大内皇宫万分空旷,几片阴云飘过,不多时便吹起了一阵凉风。

那人走在青石铺就的御道上,衣袍随着步子被风吹起。一旁的侍从轻声道:“王爷,大昭的人不可信。此前他们四处传扬我们在镐京暗地派人查探,这些流言已经限制了我们的行动,如今他又说亲自替我们找人,分明就是胁迫。”

那位王爷未曾停步,步子稳健地继续往前走。“我怎会不知这位大昭皇子是不可信的,但他会是将来的大昭皇帝。即便我不信他会替我找到霄琅,但他既知道了霄琅是在大昭境内丢失的,无论他说什么,我们都得信。”

“王爷,太子殿下很聪明,若他还活着,必不会被大昭人轻易发现。”

王爷仰头看了一眼天,轻叹了口气,“若霄琅还活着,纵使不认识我了也好。”

一行人缓步往前走,还未走出宣德门时,只见一个身着轻甲的男子往这边行走,卸了盔,应是大昭的某位将军,年轻气盛,张扬明艳。

滴滴雨水落在石板路上,尘封了尘土。

徐清淮没带伞,他从卫所出来便直奔皇宫来接人,自然不知道今日会下雨。雨势渐渐大了,萧云山从殿里出来,听见身边的内监道:“哟,小侯爷怎么淋着雨呀。

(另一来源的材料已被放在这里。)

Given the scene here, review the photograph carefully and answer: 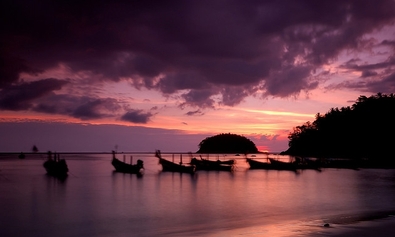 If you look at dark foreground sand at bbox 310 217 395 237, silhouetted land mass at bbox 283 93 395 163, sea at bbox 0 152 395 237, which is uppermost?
silhouetted land mass at bbox 283 93 395 163

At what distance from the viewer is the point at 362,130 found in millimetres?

”

萧云山忙问:“他淋雨了?”

“可不是吗,奴婢这就叫人去送伞,公子您慢着点——”

话还没说完,萧云山便一把接过了内监手里的伞,没几步就小跑起来。内监一瞧,立刻急了,忙叫身后的小太监追上去,莫要让云山公子摔了。

那边徐清淮见他过来,淋着雨跑了几步迎上来,躲到了人家的伞底。萧云山没停住脚步,撞上了那个胸脯,冰凉冰凉的甲胄。

谁知徐清淮就势将人揽在了怀里,轻笑道:“承淮怎得这样着急?想我了?”

萧云山推开他,稳了心神,“小侯爷。”

小太监跟过来了,又被徐清淮一个眼神吓跑了。

“我是怕小侯爷染上风寒,若是传给我了,我还怎么在皇后面前侍奉。”

“我生病了的话,不来接你不就成了吗?”徐清淮凑近些,问道,“难不成,即使是我生病了,你也想要见我?”

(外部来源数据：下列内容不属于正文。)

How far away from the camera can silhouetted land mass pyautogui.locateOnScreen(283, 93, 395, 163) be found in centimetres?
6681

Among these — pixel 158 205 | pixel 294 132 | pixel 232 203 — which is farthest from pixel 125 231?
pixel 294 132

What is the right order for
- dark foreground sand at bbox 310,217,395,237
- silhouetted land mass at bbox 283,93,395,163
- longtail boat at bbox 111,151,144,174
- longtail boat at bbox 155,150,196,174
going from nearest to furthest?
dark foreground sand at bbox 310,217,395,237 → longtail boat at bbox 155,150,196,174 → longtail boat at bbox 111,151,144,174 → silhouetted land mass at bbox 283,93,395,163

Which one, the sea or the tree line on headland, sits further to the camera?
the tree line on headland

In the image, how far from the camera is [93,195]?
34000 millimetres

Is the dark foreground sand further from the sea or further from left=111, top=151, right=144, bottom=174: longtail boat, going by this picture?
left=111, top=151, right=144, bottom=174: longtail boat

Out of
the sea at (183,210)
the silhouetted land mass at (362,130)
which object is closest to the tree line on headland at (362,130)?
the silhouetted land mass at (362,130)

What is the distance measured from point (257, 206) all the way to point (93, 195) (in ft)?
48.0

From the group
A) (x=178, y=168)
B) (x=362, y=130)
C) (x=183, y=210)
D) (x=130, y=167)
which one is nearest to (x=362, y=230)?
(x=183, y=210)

“……不想麻烦我自家的马车罢了,缭云斋的马车可不如小侯爷家的宽敞。”

徐清淮爽朗一笑,接过萧云山手中的伞,“好,承淮若是喜欢,我可以天天来接你。不过……”

“不过什么?”

徐清淮一边牵着萧云山走着,一边道:“现在我除了公务没有别的事情,天天来接你倒是可以,可若日后我娶了妻,你成了家,便不能了。到时候我那辆马车,只能给我的妻子乘坐。”

萧云山冷声道:“小侯爷多虑,我又不会一直赖着。再说,要每日接送我人的是你,是你偏要在皇后面前表现,可怪不得我。”

“……”徐清淮早已习惯了萧云山这样忽冷忽热的态度,热的时候蒙着眼睛在雨天跑过来给他送伞,冷的时候又没好气地对他反唇相讥。不过,他却不在乎,自那天在山上醒来时候一眼看见那个人守在他床前,自那天他亲口吻上那人的唇,他便什么都不在乎了。

徐清淮垂首暗暗一笑,“当然怪不得你,那只能怪我了。我这样讨好你,你却总是堵我的话。若你说一句,你做我的妻,这事不就解决了吗?”

萧云山一顿,“……小侯爷可知道‘厚颜无耻’怎么写?”

徐清淮若有所思,好像真的在认真思索。“我自小没学几,话本看得不少,兵书也没少看,只晓得‘一鼓作气’‘趁胜追击’‘烈女怕缠郎’,想来‘烈男’也是怕的。‘厚颜无耻’我实在是不会写,若承淮肯教我,我必好好学。”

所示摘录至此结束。